Jonathan, you tweeted yesterday about that.
You just mentioned the Amazon documentary, Manchester United pulling out of that.
Seems like a very good idea for Manchester United to pull out of an Access All Areas documentary.
Yeah, I think for everyone except anyone who likes Manchester United, it would have been an all-time documentary.
Possibly forecasting their relegation this season, it would have been chaotic.
And I think that is the reason that from reading the reports, I think it's from David Ornstein, that
Ruben Amarim appears to have vetoed the whole idea.
And I think everybody else at the club was kind of pushing it along and was keen.
But the manager has found sense and said, I don't think it's a great idea to film a documentary when about 15% of my squad is pretty much on strike looking for other clubs and could still be around and have all access behind the scenes footage of that and our sort of our current situation.
So yeah, I mean, it would have brought in from the reports £10 million to United, which apparently is significantly more than any other documentary Amazon have paid.

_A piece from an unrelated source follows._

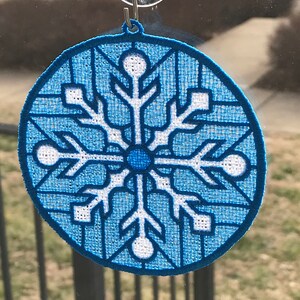 May include: A blue and white snowflake ornament with a suction cup for hanging on a window. The snowflake is embroidered with a white outline and a blue center.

They've obviously done all or nothings with Spurs, I think Arsenal, Manchester City as well, which surprised me a little bit in terms of the money they would pay.
I think, I don't know if that a good deal, 10 million?
Because it seems if United were so interested in entertaining the idea for just 10 million, is that a statement on how bad the finances are there?
Or is that kind of like too good to turn down that money?
10 million, I think, is a lot of money for United right now.
Things have changed up there.
You have to sack a lot of tea ladies to make that kind of savings, to put this in terms that Jim Radcliffe might, you know, appreciate.
But I guess
the key problem with those documentaries is just summed up in the fact that they've gone, nah, because the whole thing is they're never as warts and all as they need to be to be entertaining, those things.
I've sat down and watched a few of them with different clubs, and they're always just, even though they include some stuff that's funny, they're always a little bit too glossy, I find, and not quite revealing enough for them to like, because they, because you want it to be a train wreck, like, that's the thing that's interesting it's not you you can only have so many shots of people like high-fiving on their way into training and like having having massages and like doing physio and just using each other's nicknames and stuff like that's not interesting like we've seen that now we we want the train wrecks but of course why would clubs sign off on that well we've had we've had two train wrecks with sunderland premier passions when peter reed was in charge was a train wreck and massively entertaining and sunderland to when i die when they got relegated from the championship,
because that was originally set up as a vanity project to chart their inexorable progress back into the Premier League.
And
the footage of Charlie Methven and his mate Stewart when the deadline they panic buy of Will Grid for four and a half million quid and Charlie Metphin trying to
suggest, you know, an Ibiza anthem as their walkout music instead of Prokofiev's dance in the night.
So, failure is brilliant.
The ones where clubs are doing well are rubbish, but failure is excellent.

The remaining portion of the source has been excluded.